Vous avez déjà raconté avoir joué le Prélude en Do Majeur de Bach aux funérailles de votre mère et avoir passé deux mois plus tard le concours de baccalauréat en musique. Vous dites ne plus avoir joué en public par la suite, pour vous consacrer à la culture, mais en travaillant davantage en coulisses. Pourquoi?

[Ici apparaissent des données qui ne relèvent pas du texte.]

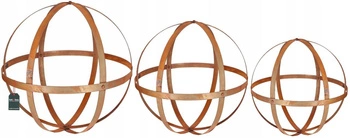 Sada figúrok hrdzavá záhradná guľa kovová dekorácia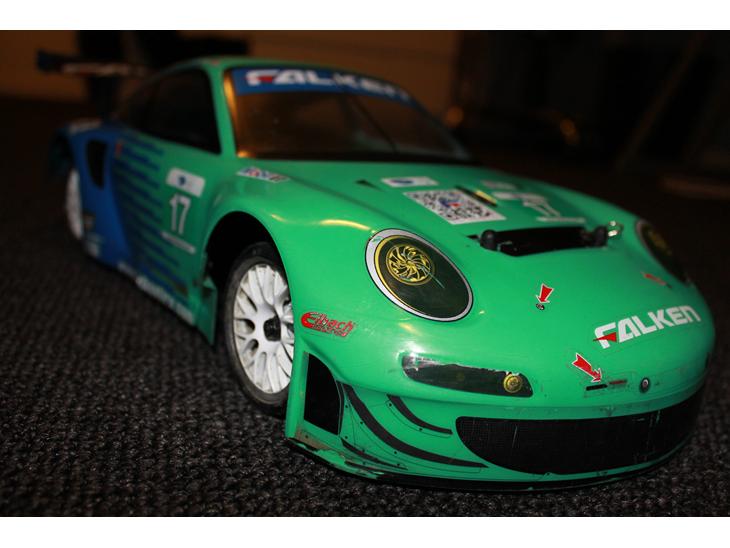 Bil HPI Sprint 2 Sport Falken Porsche GT3 billede 1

Thérèse David: Ma mère et moi, nous étions très proches, nous étions les deux artistes de la famille. Elle était écrivaine. Moi, j’étais musicienne, et elle venait toujours m’écouter pratiquer mes gammes. Nous étions liées dans une sorte d’osmose. Lorsqu’elle est décédée, j’étais menée par une très forte adrénaline. Je ne sais pas comment j’ai fait, mais je suis allée à l’orgue, j’ai joué, et je pense avoir bien joué. Ensuite, je suis entrée dans une sorte de passage à vide, dans une profonde dépression. J’ai fini par constater que, pour être pianiste de concert, il fallait avoir du génie. Je crois que j’avais du talent, mais je n’avais pas le génie. Par contre, j’avais le talent de promouvoir le génie des autres en me tenant derrière plutôt qu’en avant plan. Certains diront que je suis une artiste ratée, peut-être, mais en tout cas, je suis une bonne communicatrice.

Vous avez évolué professionnellement aux côtés de Guy Latraverse, que vous qualifiez même de mentor. Que vous a-t-il appris de plus précieux?

Thérèse David: Peu de temps après mon passage à vide, j’ai eu la chance de rencontrer Guy Latraverse sur mon parcours, au début de Kébec-Spec. Le poste d’attachée de presse était libre. J’ai été engagée. Guy m’a tout appris des communications culturelles. Je n’avais pas du tout étudié dans le domaine. Ce que j’enseigne aujourd’hui, c’est ce que j’ai appris de Guy. Il a été mon tout premier mentor. Lorsque Kébec-Spec a fermé ses portes, j’étais devant un dilemme: reprendre le piano ou fonder ma compagnie de publicité et de relations de presse. J’ai fondé ma compagnie. J’ai eu, comme premier client, Yvon Deschamps, avec qui j’ai entretenu une relation professionnelle et personnelle de longue date. J’ai roulé ma bosse ainsi, avec lui et d’autres artistes, pendant 20 ans.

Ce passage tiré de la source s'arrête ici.